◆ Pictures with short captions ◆
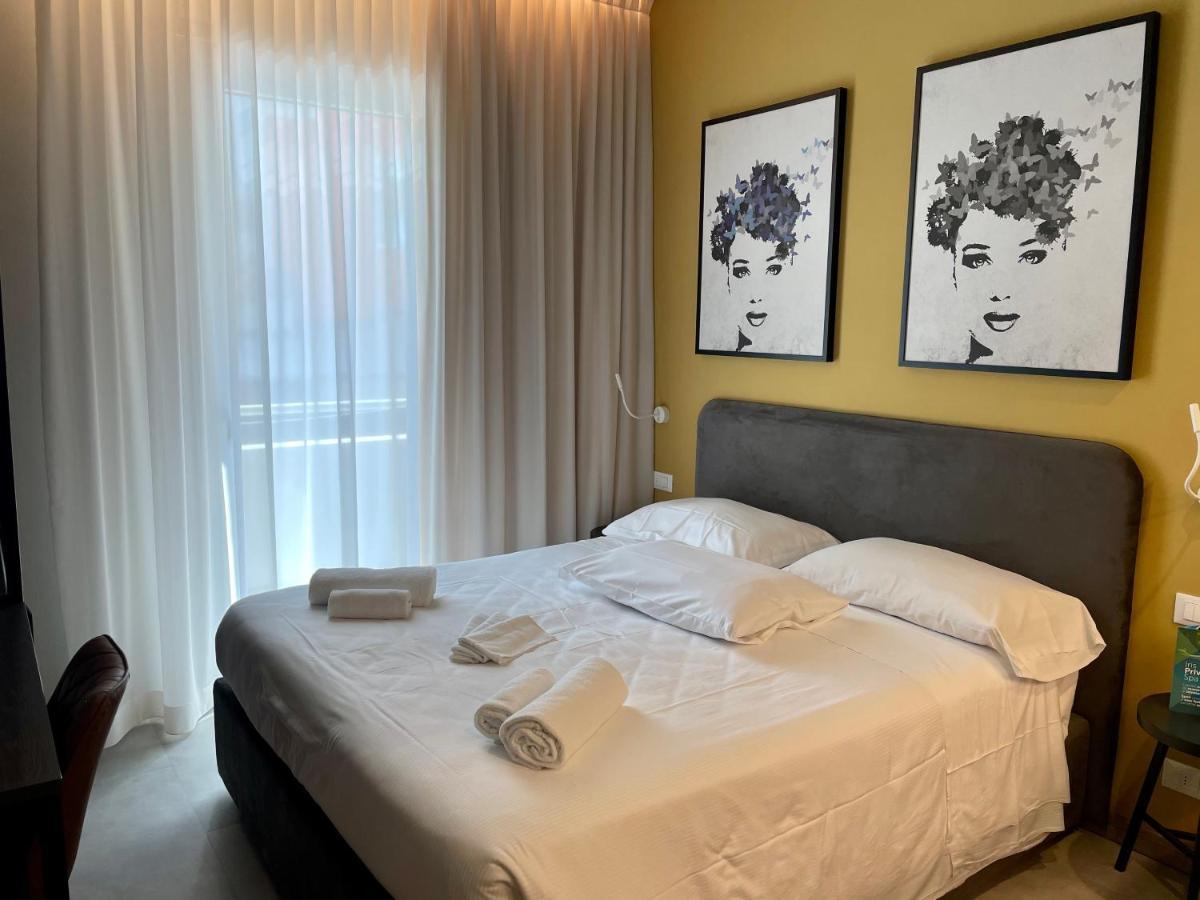 Hotel Iris Jesolo ภายนอก รูปภาพ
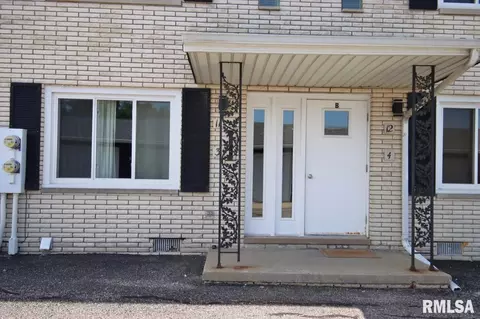 1471 Valle Vista Blvd, Pekin, IL 61554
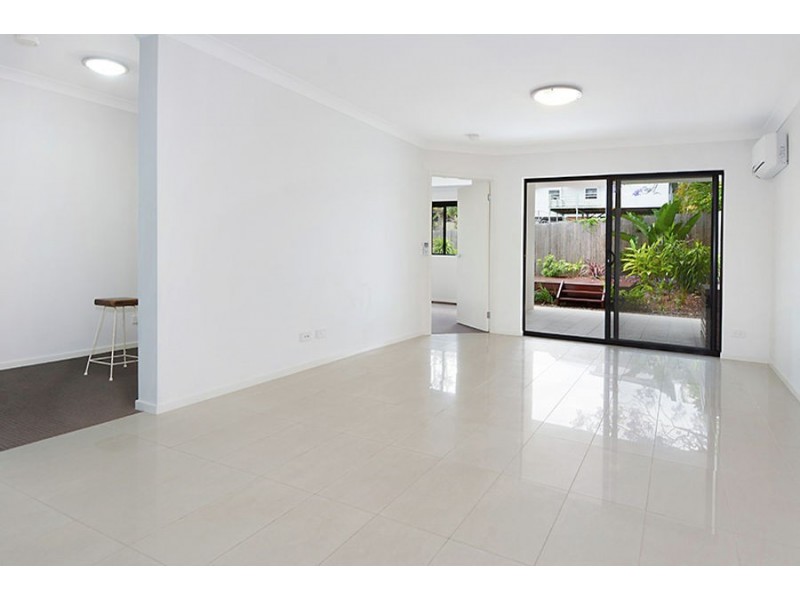 2 / 43 Victor Street, Holland Park QLD 4121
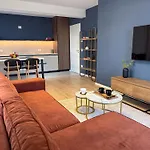 Cozy Cityscape Bluewood, Modern & Cozy Premium Apartment Brasov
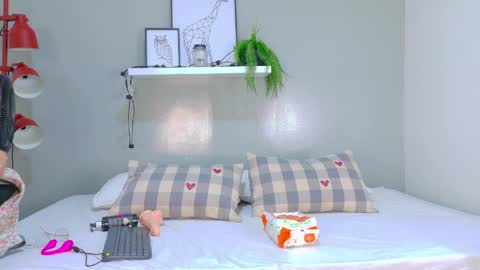 Dulce Sexy  online show from 6, 4, 2026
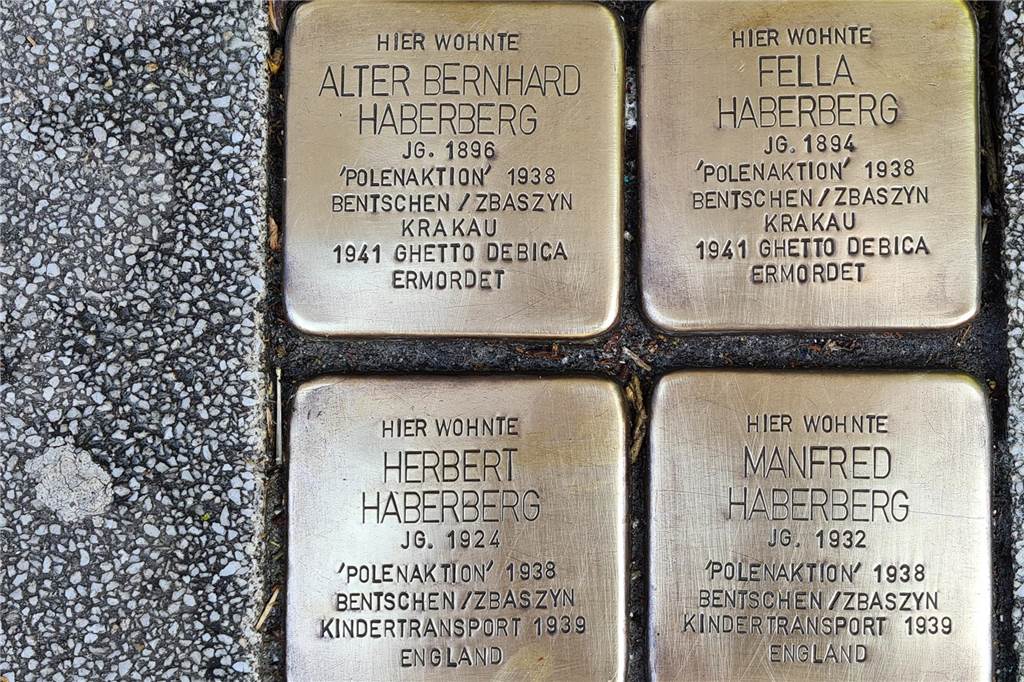 Stolpersteine verschmutzt: Angehöriger ist enttäuscht und traurig Der Arbeitskreis Stolpersteine kümmerte sich umgehend um die Reinigung der Denkmäler der Familie Haberberg.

◆ Exercise brief ◆
The copy you return must match the records above exactly, minus any images.

◆ Reply to the exercise ◆
 Hotel Iris Jesolo ภายนอก รูปภาพ
 1471 Valle Vista Blvd, Pekin, IL 61554
 2 / 43 Victor Street, Holland Park QLD 4121
 Cozy Cityscape Bluewood, Modern & Cozy Premium Apartment Brasov
 Dulce Sexy  online show from 6, 4, 2026
 Stolpersteine verschmutzt: Angehöriger ist enttäuscht und traurig Der Arbeitskreis Stolpersteine kümmerte sich umgehend um die Reinigung der Denkmäler der Familie Haberberg.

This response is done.